## Requirement
Repeat the full listing below verbatim and keep the images out.

## Supplied information
# # # # # # #

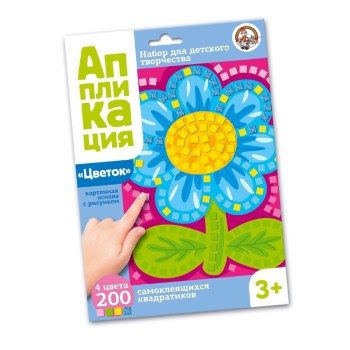 ДК.Набор для творчества. Аппликация "Цветок" (4 цв, 200 эл) арт.02773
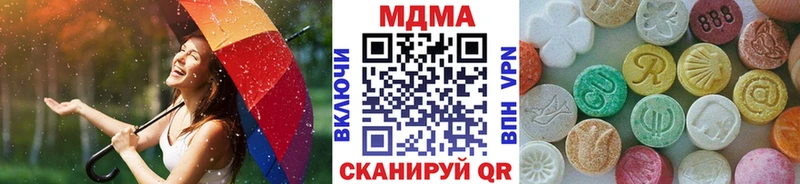 MDMA Molly Стародуб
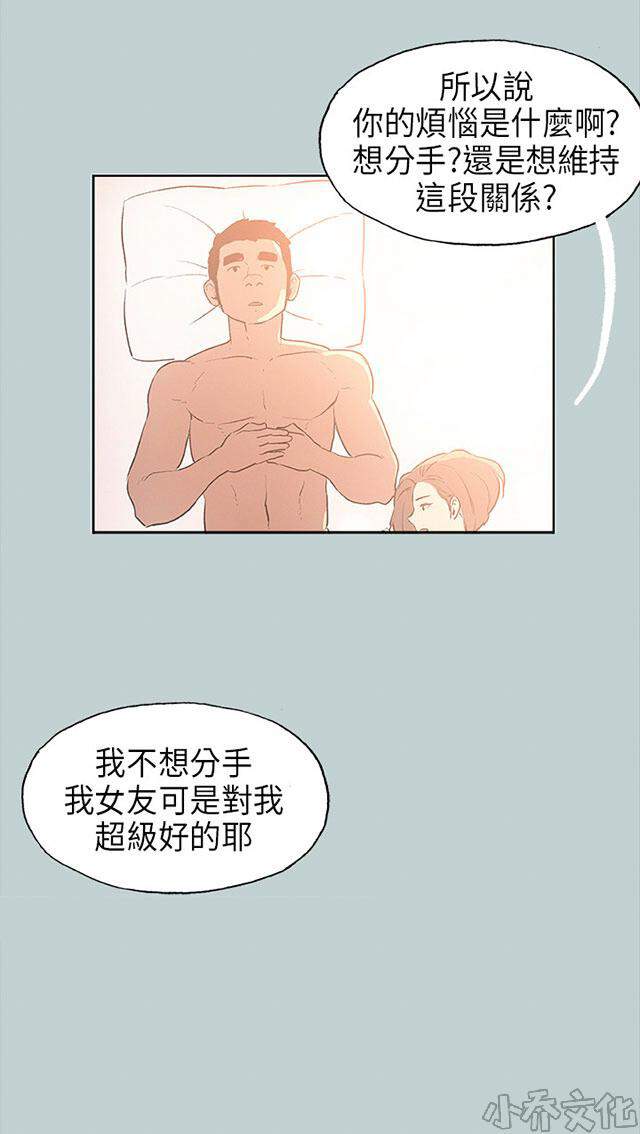 第29章 姐姐的安慰-48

# # # # # # #

## Output for this exercise
 ДК.Набор для творчества. Аппликация "Цветок" (4 цв, 200 эл) арт.02773
 MDMA Molly Стародуб
 第29章 姐姐的安慰-48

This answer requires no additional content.